Crawl budget refers to the total number of URLs that search engines crawl during a given period. It’s not a ranking factor, but it does determine how often your most important pages are crawled. 

This is important because search engines have to be able to crawl efficiently. They have to make sure that they can effectively crawl without downgrading user experience. This balance is your crawl rate limit–the number of simultaneous connections required to crawl your site. 

In plain English, search engines want you to be a good neighbor. The harder your site is to crawl, the more server space required to crawl it, which wastes server resources that could have been directed toward pages with greater value. So, the easier your site is to crawl in a given period time, the more a search engine will reward you. 

Lose Your Duplicates

A good sitemap won’t get you very far if you have duplicate content. Remember, search engines have to know what to index. If you have duplicate content, they won’t know what page ought to be indexed. 

This will leave you with ranking authority split between two identical pages. You’ll also waste your crawl budget for no good reason. 

If there are any duplicates you can shed, now is the time to delete them. The good news is that it’s relatively easy to puzzle out duplicate content. Site audits can usually flag this information for you. 

Alternately, any pages with duplicate titles and meta pages are most likely duplicate content. If they’re not duplicate content, you need to get more creative with page titles and meta descriptions, because web crawlers will think they’re duplicates. 

Canonical Links

If you have similar content spread across multiple pages, one way to resolve this problem is to use the canonical link element

Often called the “canonical link”, this element allows savvy website owners like yourself to tell search engines what the canonical URL is (a.k.a. the preferred version of a web page). This tells search engines to ignore other similar URLs and focus on the canonical URL for ranking purposes, rather than forcing search engines to puzzle out duplicate content. 

When choosing your canonical URL, pick the most important one. This should also be the page with the most traffic and linking power, but if they’re completely equal, flip a coin. 

To make a page canonical, all you need to do is add a rel=canonical link from the non-canonical page to the canonical one. The non-canonical URL will link to the canonical URL in the <head> section, like this: 

<link rel=”canonical” href=”https://example.com/wordpress/seo-plugin/>

This is a kind of soft-redirect that functionally merges the duplicate pages into one. Once you do this, your multiple duplicate URLs count as one URL in the eyes of the search engine. 

Ask for a Re-Crawl

This is more of an end-of-process step, but it’s still important to keep in mind. 

Once you’ve gone through all your technical SEO, you’ve fixed quite a few issues on your site. If you did your job right, then this should mean a concurrent boost in your ranking. 

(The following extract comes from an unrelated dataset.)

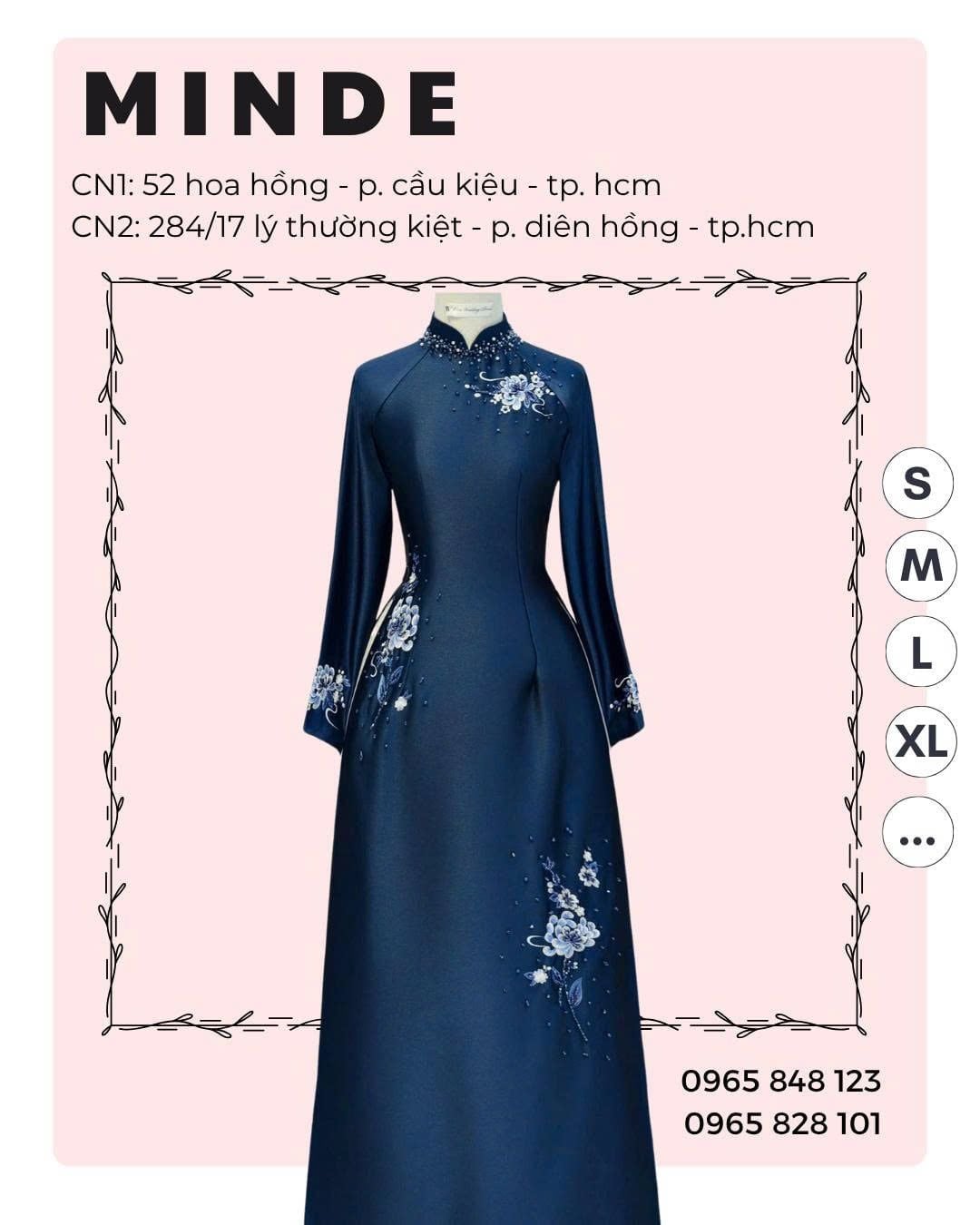 Áo Dài Bà Sui Xanh Đậm Cổ Cao Đính Cườm Họa Tiết Thêu Hoa MADAME ĐÀO THỊ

However, you want to make sure that Google notices the changes you’ve made. Good news: you can explicitly tell Google to re-crawl your site. 

To do this, all you need to do is go to Google Search Console, go to Crawl and select Fetch as Google. Then, enter the URL that you want to be recrawled. If you want your homepage recrawled, leave the field blank. This tells Google to immediately re-crawl your provided URL with your changes taken into account. 

Add Structure

Structured data, that is. We promise this is not nearly as complicated or scary as it sounds. 

Structured data is a form of microdata following specific rules. In plain English, it’s code that you can add to your webpages (remember, web crawlers read the code of your website). Structured data helps tell web crawlers the context of your site–in a language that they understand. 

Basically, it tells search engines what your site means. 

Take your contact information at the bottom of a webpage, for example. Human visitors can figure out that it’s your contact information when they see it. Web crawlers, however, have to work a little harder to figure out what it means. 

In case you hadn’t figured it out yet, you don’t want web crawlers to have to spend too long figuring out your site. 

Structured data is like slapping a label in block letters on that data so that web crawlers can immediately know that it’s contact information. 

Better still, it doesn’t matter what search engine indexes your site–all of them can understand structured data in the same way. 

The most straightforward way to do this is through Google’s Structured Data Markup Helper. Make sure the webpage tab is selected and paste the URL you want to use into the provided field. If you just have HTML, you can paste it into the HTML box instead. 

Google will then provide you with ten categories. Pick the ones that apply to your page. Then click “Start Tagging”. 

On the next page, you’ll see two panes. Your content is on the left and your schema markup is on the right. To mark something, highlight it in the left pane and choose the relevant tag from the menu that appears. 

Once you’ve tagged everything you want to tag, look at the second box from the left. Google’s preferred form of structured data is JSON-LD. This will generate lines of code. You’re going to have to copy and paste this code directly into your source code. Or, rather, you’re going to delete the code for your chosen page and paste this code in its place. 

Now you have code that web crawlers know how to read. The other good news? You won’t have to update your structured data once it’s added to your source code. 

Make It Mobile (Friendly)

In the year 2019, a mobile-friendly website is not optional. 

Google announced four years ago that mobile search volume surpassed desktop. Considering that users spend 69% of their media time on their smartphones, this should come as no surprise to you. 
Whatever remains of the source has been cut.